総合建設業の岡部(本社・富山市八人町、岡部竜一社長)は、2011年に施工権を取得した透水性保水型土系舗装「ATTAC(アタック)工法」により、グラウンドや公園の園路、植樹帯・植樹枡・法面の防草などを施工している。
同工法は、添加剤を配合した土の微粒子が結合し、塊になることで水の通りが良くなり、舗装個所の透水性と保水性を向上させるというもの。硬さの調整が可能で、柔らかいグラウンドから硬めの園路まで幅広く使用できる。降雨後の水たまり発生の抑制や、表層の保水による気化熱の冷却効果で地表面温度上昇の抑制などの効果がある。
同工法の特性を活かしたATTAC路盤工法、ATTAC吹付工法の特許2件(12、15年)については、同工法を開発した福岡県内のコンサルタント会社と共同特許を取得している。都市部では、歩道の舗装時に透水性舗装の導入が義務付けられており、同工法によってゲリラ豪雨対策といった都市型水害の発生抑制にも役立てられる。法面部の防草対策にも効果を発揮。地山の表面に同工法を施すことで、雑草の発生を抑えながら雨水を地中へと流し込める。破砕すれば再利用が可能なため、自然環境にも配慮した工法だ。
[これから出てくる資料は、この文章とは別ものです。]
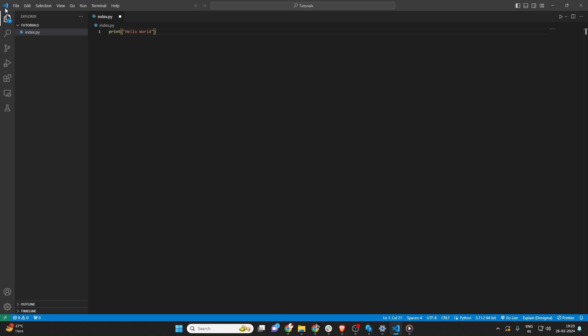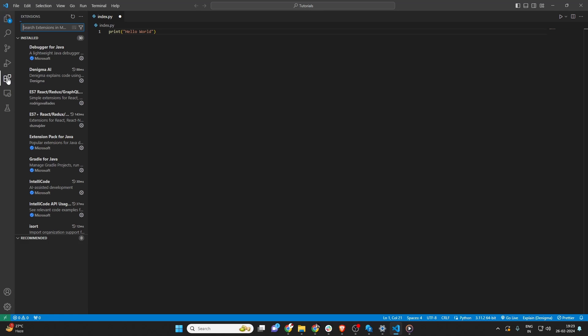To find and install extensions, look to the Activity Bar on the side of your VS Code window. You'll see an icon that looks like four squares with one square detached. That's the Extensions View icon.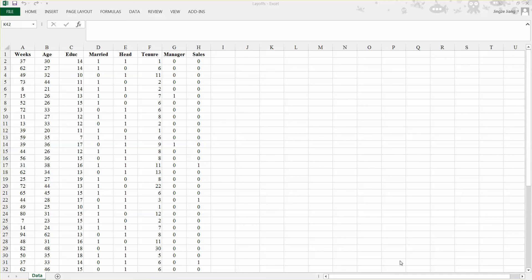On the spreadsheet, column A (weeks) is our Y variable — the number of weeks a worker has been jobless. Column B is the first explanatory variable, the age of a worker. Column C is the second explanatory variable, years of education. Column D is a dummy variable for marital status: one indicates married, zero otherwise. Column E is a dummy variable for household status: one means the observation is the head of the household, zero otherwise.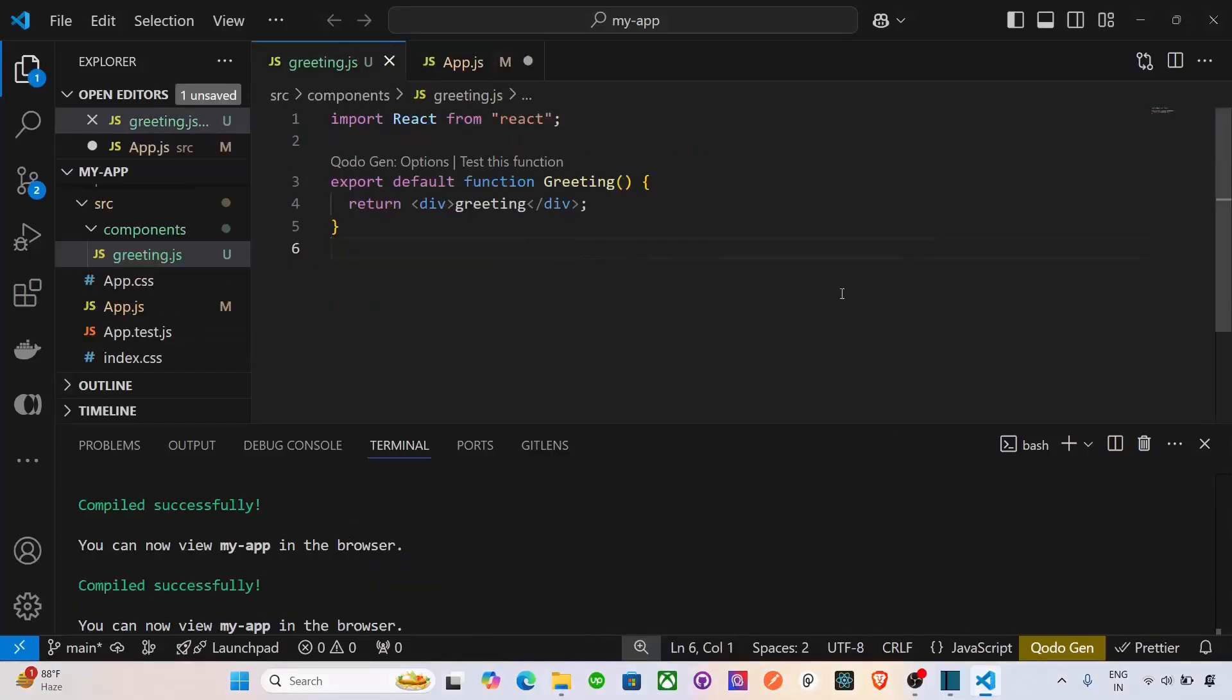So that's it. You have set up a react project in Visual Studio Code, explored the basic file structure, and this setup is all you need to get started with React and build amazing web apps. So thanks for watching, see you next time.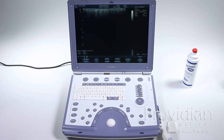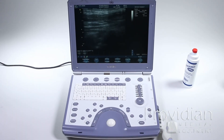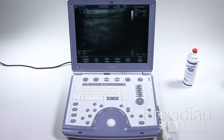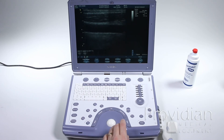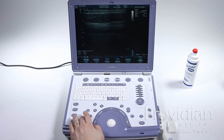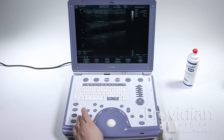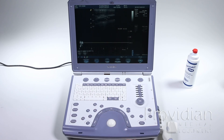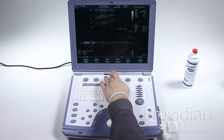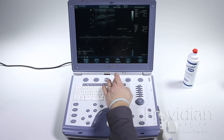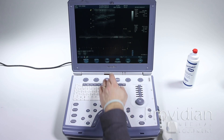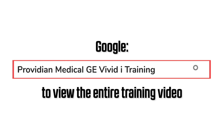Moving on quickly to Doppler measurements. I'll get my cursor and hit PW to get pulsed wave Doppler up. I'm going to invert that, then select ASO for auto.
同社は17年、2件の特許を独占的に使用できる専用実施権を、国土交通大臣認可組合である全国トース技術研究組合に設定する契約を交わした。大学教授らが名を連ねる同組合は、同工法の現象特性の解析および新技術開発に関する試験研究を行うなど、自然災害の抑制や温暖化対策に取り組んでいる。専用実施権について岡部社長は「われわれ地方の建設業者では、この工法の普及は難しい。(全国トース技術研究組合に)専用実施権を設定したことで、全国で役立ててもらえれば」と話している。